ヤフコメを参考にする人・しない人
向上が望まれるヤフコメの民度

 世の人はどれくらいヤフコメを参考にしているのか。筆者が周囲の声を聞いてまわってみたところ、ヤフコメに目を通す人はその理由について、次のように語った。

「コメント数が伸びているものは、『どんなことが書かれているのかな』と好奇心でチェックする」(30代女性)

「たまに、自分が思いもしなかった気づきを与えてくれるコメントがあって面白い」(40代男性)

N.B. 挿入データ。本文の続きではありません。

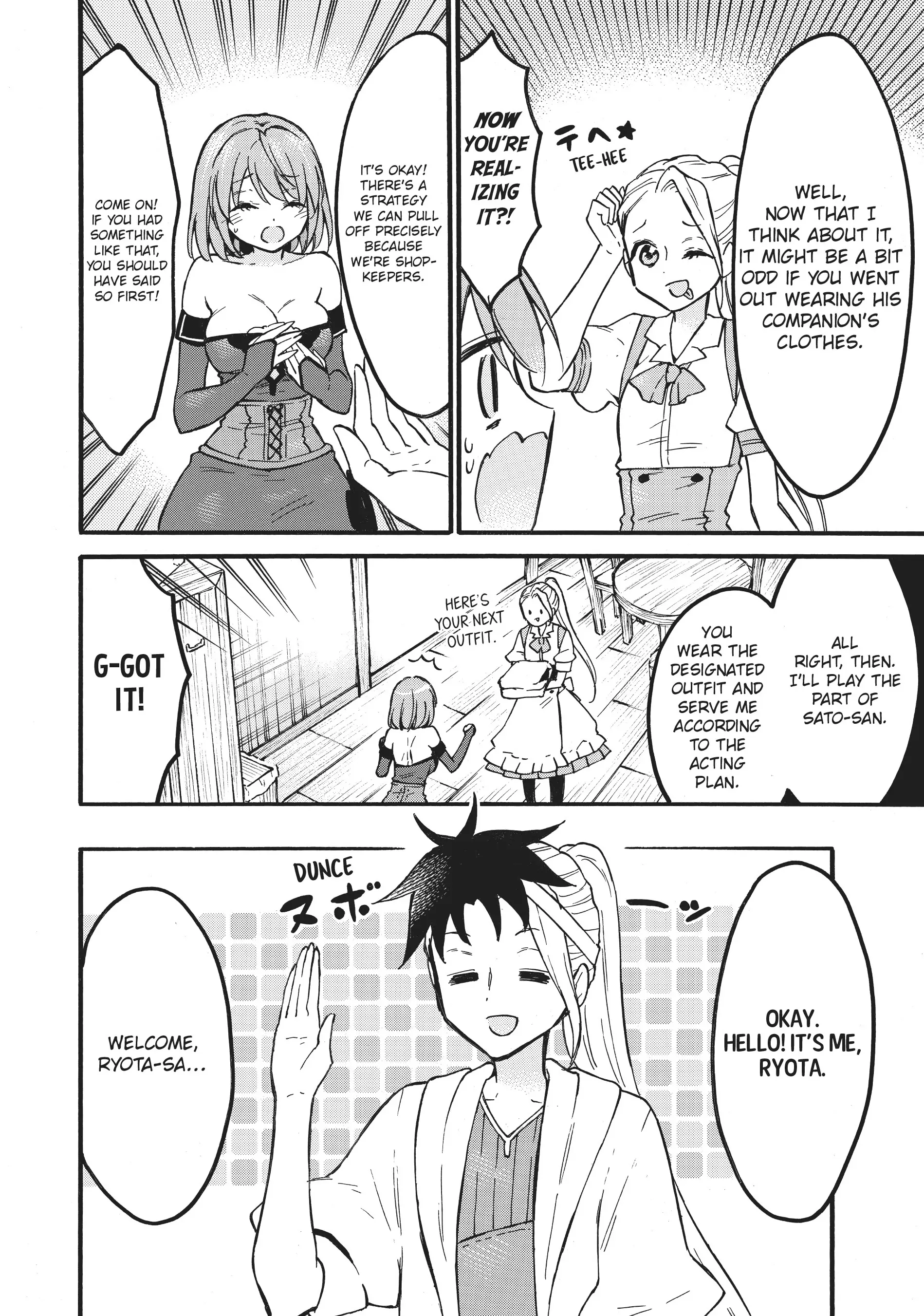 Level 1 Dakedo Unique Skill de Saikyou desu Chapter 54.5 6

「自分がそのニュースに対して感じたことと、他の多くの人が感じたことはどれくらい似ているか、あるいは違っているかを確認したい」(20代男性)
  
 一方、ヤフコメに目を通さない人の主張としては、次のようなものである。
 
「読むうちに嫌な気分になることが多いので読まない」(40代女性)
 
「過去に反論を投稿したとき、終わりの見えぬ非建設的な議論に陥ったことがあり、もうあんな思いはしたくないのでヤフコメは読まない。読むときっとまた反論したくなってしまうので」(50歳男性)
 
「『ただの一般人が何を偉そうに言っているのか』と思えてしまうので、読む気になれない」(30代女性)
 
“目を通さない”派は、意識的にヤフコメとの距離を取っている。一方、“目を通す”派は興味本位の軽い気持ちでのぞいているような印象を持った。
 
 今後、ヤフコメの民度はどう推移していくだろう。これは世間のネットリテラシーの向上と連動していくものでもあるので、一定程度の民度獲得は即時結果が出るものではないであろう。
 
 しかし近年では、過ぎた誹謗中傷に刑事罰が科されるケースも出てきている。これを通して「ネットだからといってなんでも言っていいわけではない」という事実が浸透し、それが抑止力となっていけば、ヤフコメももう少し落ち着くかもしれない。
 
 Yahoo!ニュース、およびヤフコメは良くも悪くも国内最大級の情報空間であり、そこが何やらすさんでいるという事実はなんとも情けない。ごく一部の人たちがすさませていたとて、そのごく一部が悪目立ちできる土壌がヤフコメにはある。
 
 一ネット利用者としては節度を忘れぬよう心がけつつ、Yahoo!ニュースの今後の取り組みに期待していきたいところである。